Mamę nazywają Ewa, ma czterdzieści cztery lata. Urodziła mnie młodo — zaraz po liceum, mając niespełna osiemnaście lat. Jej pierwsza miłość zakończyła się nie białym welonem, ale pieluchami, nieprzespanymi nocami i walką o przetrwanie. Ojciec zostawił nas zaraz po porodzie, a na nogi postawiły ją tylko babcia z dziadkiem. Dzięki nim zdobyła zawód nauczycielki geografii, a ja — namiastkę normalnego dzieciństwa.

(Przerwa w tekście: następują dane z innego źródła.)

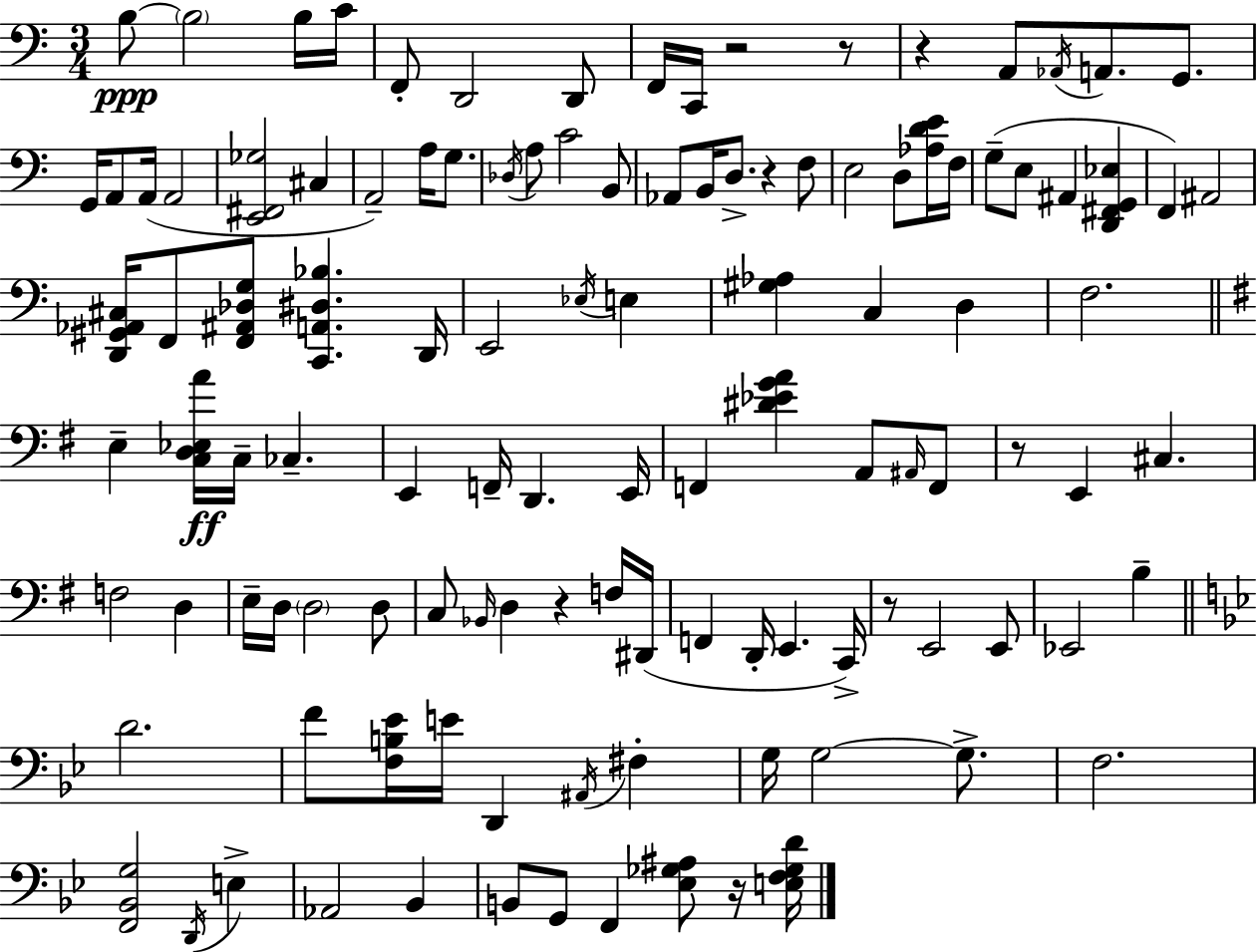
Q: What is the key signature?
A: A minor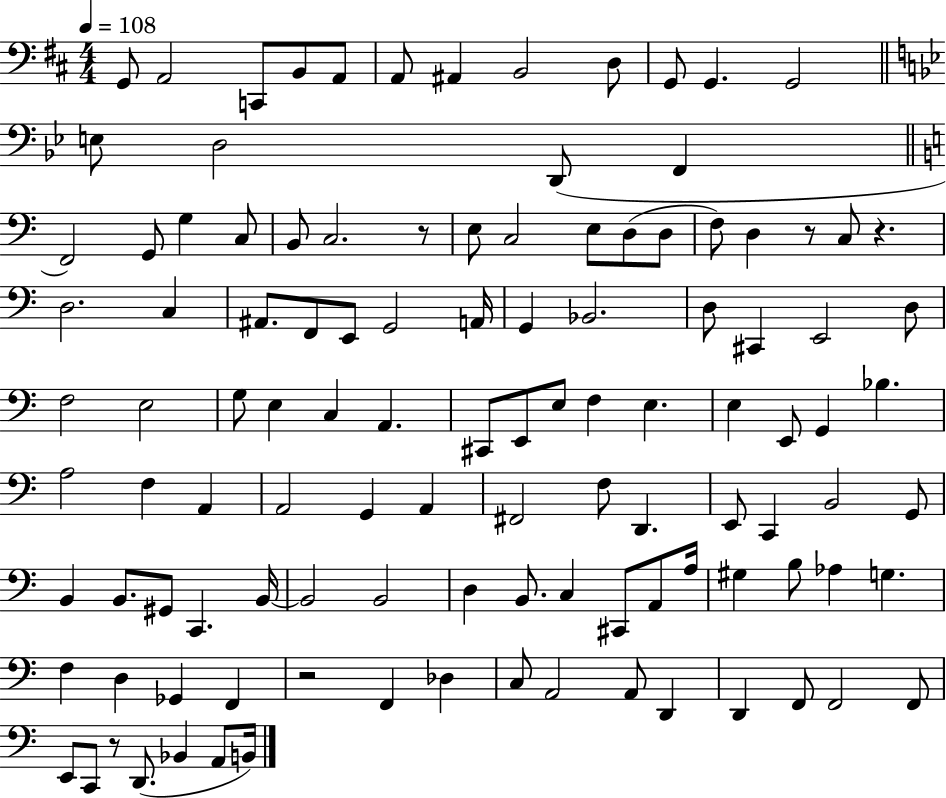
G2/e A2/h C2/e B2/e A2/e A2/e A#2/q B2/h D3/e G2/e G2/q. G2/h E3/e D3/h D2/e F2/q F2/h G2/e G3/q C3/e B2/e C3/h. R/e E3/e C3/h E3/e D3/e D3/e F3/e D3/q R/e C3/e R/q. D3/h. C3/q A#2/e. F2/e E2/e G2/h A2/s G2/q Bb2/h. D3/e C#2/q E2/h D3/e F3/h E3/h G3/e E3/q C3/q A2/q. C#2/e E2/e E3/e F3/q E3/q. E3/q E2/e G2/q Bb3/q. A3/h F3/q A2/q A2/h G2/q A2/q F#2/h F3/e D2/q. E2/e C2/q B2/h G2/e B2/q B2/e. G#2/e C2/q. B2/s B2/h B2/h D3/q B2/e. C3/q C#2/e A2/e A3/s G#3/q B3/e Ab3/q G3/q. F3/q D3/q Gb2/q F2/q R/h F2/q Db3/q C3/e A2/h A2/e D2/q D2/q F2/e F2/h F2/e E2/e C2/e R/e D2/e. Bb2/q A2/e B2/s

Mama nie wiązała się z nikim, choć adoratorów nie brakowało. Zawsze powtarzała z przekornym uśmiechem: „Jak ty dorośniesz, wtedy i ja pomyślę o sobie”. Żyłyśmy w zgodzie, jak siostry — wspólnie wybierałyśmy sukienki, pożyczałyśmy bluzki, malowałyśmy usta tym samym błyszczykiem. choćby moje nastoletnie ekscesy — niebieski kolor włosów, kolczyk w brwi, glany — kwitowała żartem. Byłyśmy zespolone. A przynajmniej tak mi się zdawało.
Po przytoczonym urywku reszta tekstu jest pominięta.